Posted: Sat Oct 22, 2005 7:58 pm
by Leland
DP wrote:..and yet would parrot some liberal's rejection of Wagner's music for all sorts of far more obtuse reasons.
Hey look, it got to the third page before it turned political....

Posted: Sat Oct 22, 2005 9:39 pm
by Steve Oberheu
bloke wrote: I wouldn't reject 100% of anything, though I would describe this particular genre, alternatively, as "under the bottom of music". The poetry of rap - though totally different and delivered by totally different characters with totally different perspectives - generally reminds me of the poetry of the 1960's (along with books such as Jonathan Livingston Seagull, et al)...
This view of rap as being "under the bottom of music" as you say...I just don't see the point in it. It is an emerging art form, but it is indeed an art form. To illustrate my point, I refer to a letter from Herbert L. Clarke to Mr. Elden Benge on Jan. 15, 1921. Mr. Clarke, one of the most famous cornet soloists in history wrote:

"My dear Mr. Benge--replying to yours of the 19th just received, would not advise you to change from Cornet to Trumpet, as the latter instrument is only a foreign fad for the time present, and is only used properly in large orchestras of 60 or more, for dynamic effects, and was never intended as a solo instrument.
I never heard of a real soloist playing before the public on a trumpet. One cannot play a decent song even, properly, on it, and it has sprung up in the last few years like "jaz" music, which is the nearest Hell, or the Devil, in music. It polutes the art of music."

Those were the exact words Mr. Clarke wrote...I even included the bad spelling and punctuation. I think you can safely say that he was a bit wrong about the trumpet AND jazz. Both survived and proved over many years that they were relevant and innovative.

Anyway...it's the attitude of trying to discredit another art form, simply because the newer art form is not familiar or "proper music," that I take issue with. I simply do not agree with stances taken in this manner. If you don't get it or don't like it is one thing, and that's each person's prerogative...to each his own. But to look down on it and say it's not valid...I don't buy it. If people are able to musically communicate feeling through it, and other people receive it as such, it's an art form as valid as any other.

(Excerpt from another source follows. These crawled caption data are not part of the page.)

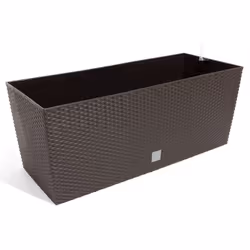Jardinière Terra Rato avec finition extérieure Simil Rattan pour l'intérieur, l'extérieur ou la terrasse. - Fabriqué en plast ...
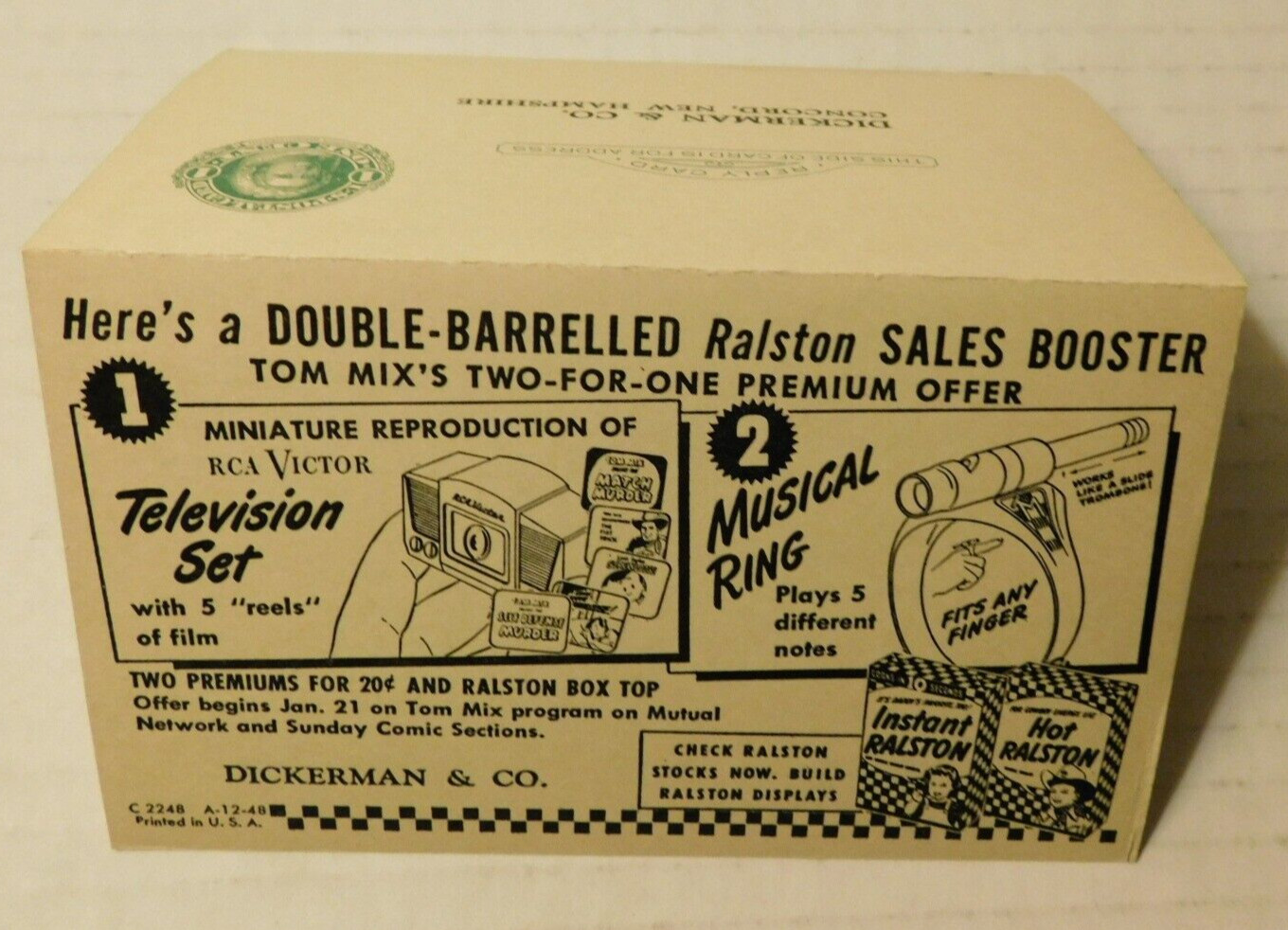 Ralston Tom Mix Premium Offer fold-out card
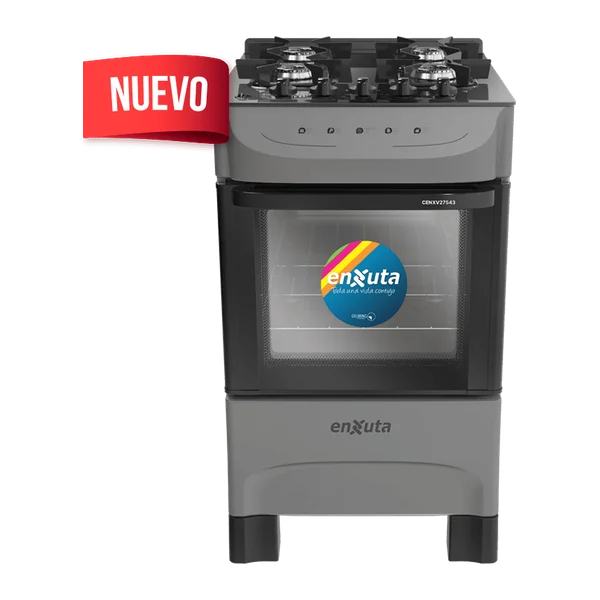 Cocina multigas Enxuta CENXV27543T mesada vidrio negro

Posted: Sat Oct 22, 2005 10:13 pm
by Steve Oberheu
bloke wrote: Right on, Steve. I "get it" now. All art is proper. To each his own. I'm buyin' it. We're all just wanting to communicate our valid feelings.
Ummm.....uhhhh......thanks?!?!

Didn't really need the sarcasm...but whatever. It's your world, dude. You're entitled to think whatever you like...hope you at least enjoyed the contrasting opinion I had. Have a good one!

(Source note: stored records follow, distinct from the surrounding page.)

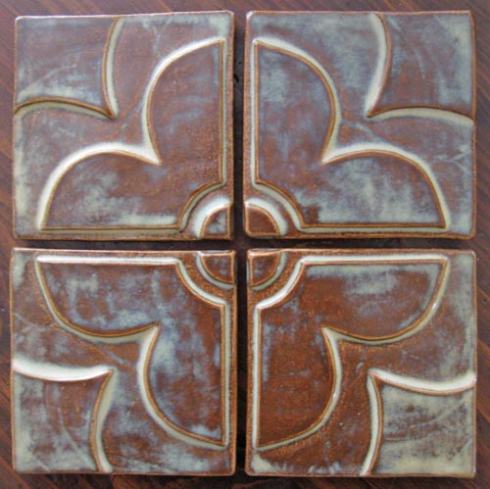 geometric tile set 8"x8" abstract blossom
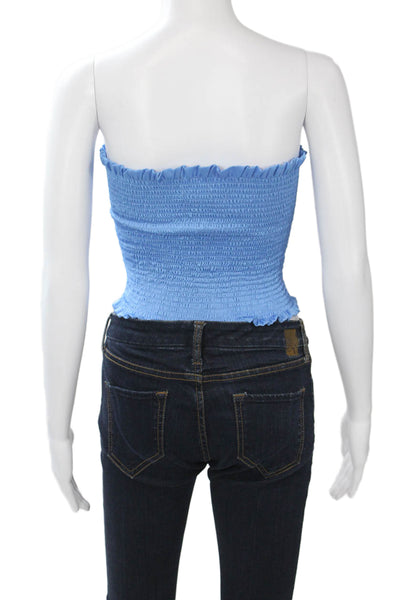 Pop Saint Barth Womens Blue Cropped Silk Tank Sleeveless Size XS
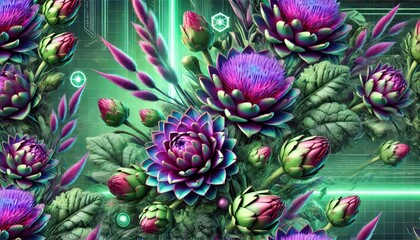 Leinwandbilder - Colorful flowers with vibrant petals and unique shapes flourish against a green, high-tech backdrop, creating a striking visual contrast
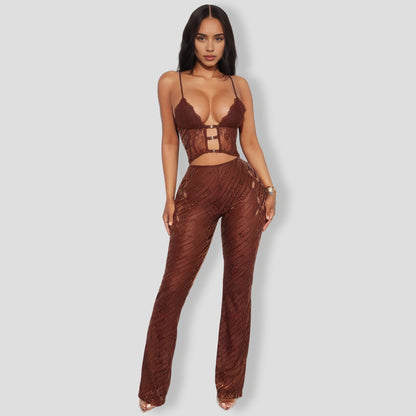 Sheer Velvet Pant Set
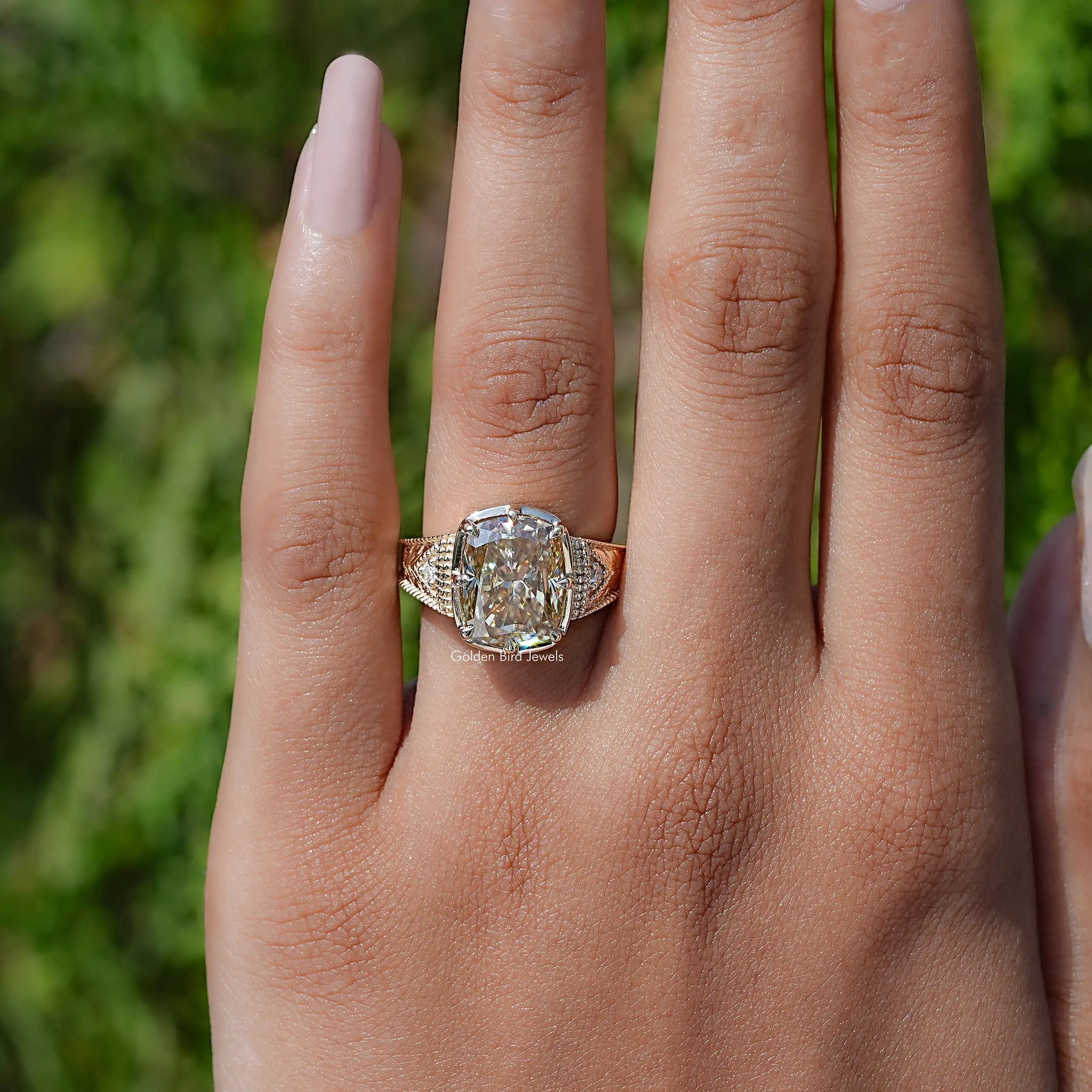 View of Filigree Yellow Elongated cushion Moissanite Ring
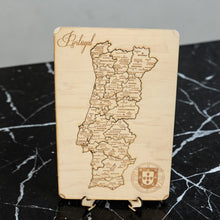 Load image into Gallery viewer, Portugal Puzzle Map - Art Kit - Raw Wood 12x18 Inches - 19 Pieces - With Stand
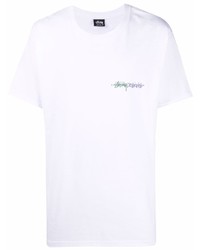 T-shirt à col rond blanc Stussy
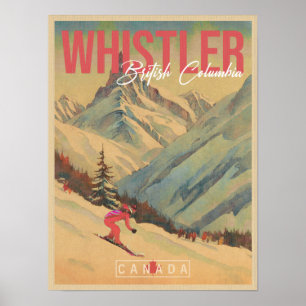 Whistler British Columbia Canada Vintage 1960-tale Poster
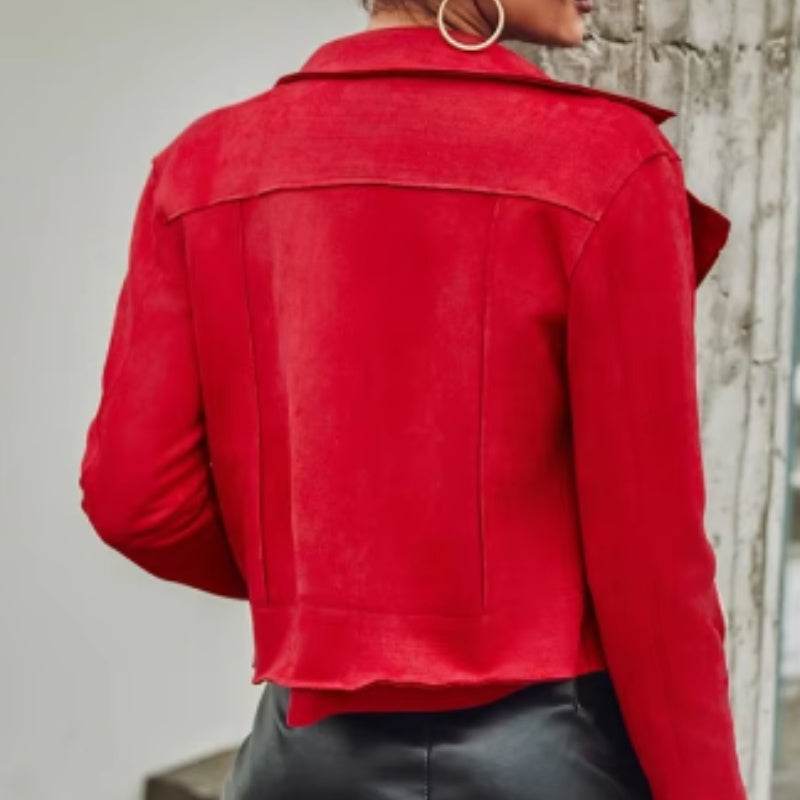 Chic Red Suede Motorcycle Jacket - Trendy Women's Fashion 2025 - Buy Center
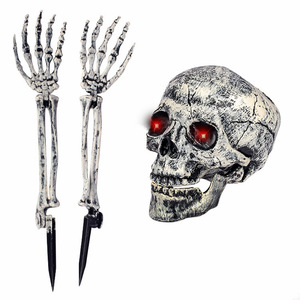Halloween <b>Light</b> <b>Up</b> Skull Ground Stake Skeleton Hand Ornament Yard Lawn Scene Layout Spooky Garden Decoration - Product Image 5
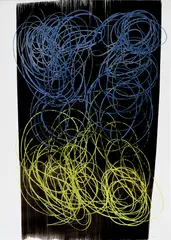 P1971-A59 by Hans Hartung, 1971, India ink and pastel on baryte cardboard, sold Oct 2022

I'm gonna go crawl back under the music from which I came.....

Posted: Sat Oct 22, 2005 10:52 pm
by Arkietuba
I don't think you guys ARE getting it...buy discrediting an entire genre based soley on the negative aspects of that genre you are showing how truley ignorant you are. Rock and Roll was considered taboo in the 50's and 60's. Jazz used to be taboo as well. Heck, many classical composers were concidered womanizers and all around bad people. You see where I'm going? You cannot simply put down an enitre musical genre based only on the bad things. There are a lot of good things in rap that don't get talked about...i.e. politics, racisim, how money isn't all that...ect.

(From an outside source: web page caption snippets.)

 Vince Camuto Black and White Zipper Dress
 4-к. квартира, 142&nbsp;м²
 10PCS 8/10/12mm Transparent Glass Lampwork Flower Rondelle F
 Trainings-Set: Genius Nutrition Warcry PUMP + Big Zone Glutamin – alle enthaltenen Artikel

Posted: Sun Oct 23, 2005 10:15 pm
by Arkietuba
Perhaps someday if I acquire the intellect of a pre-25-year-old, an angry thug, or a sensitive coastal state resident / college professor I'll "get it".

bloke "One can only hope for the gift of a 'vision of enlightenment' :roll: "
Okay I'll give you that I'm not quite 25 yet (I'm 19)...but I'm not an angry thug (or a thug at that, I also have a 156 i.q.) I just think that putting down rap and those who enjoy it is ignorant...you're never too old to expand your horizons

Posted: Sun Oct 23, 2005 11:04 pm
by Leland
Arkietuba wrote:Okay I'll give you that I'm not quite 25 yet (I'm 19)...
Don't sweat it -- I'm just 34, hardly an angry thug, and I "get it" -- although I miss the days just prior to gangsta rap.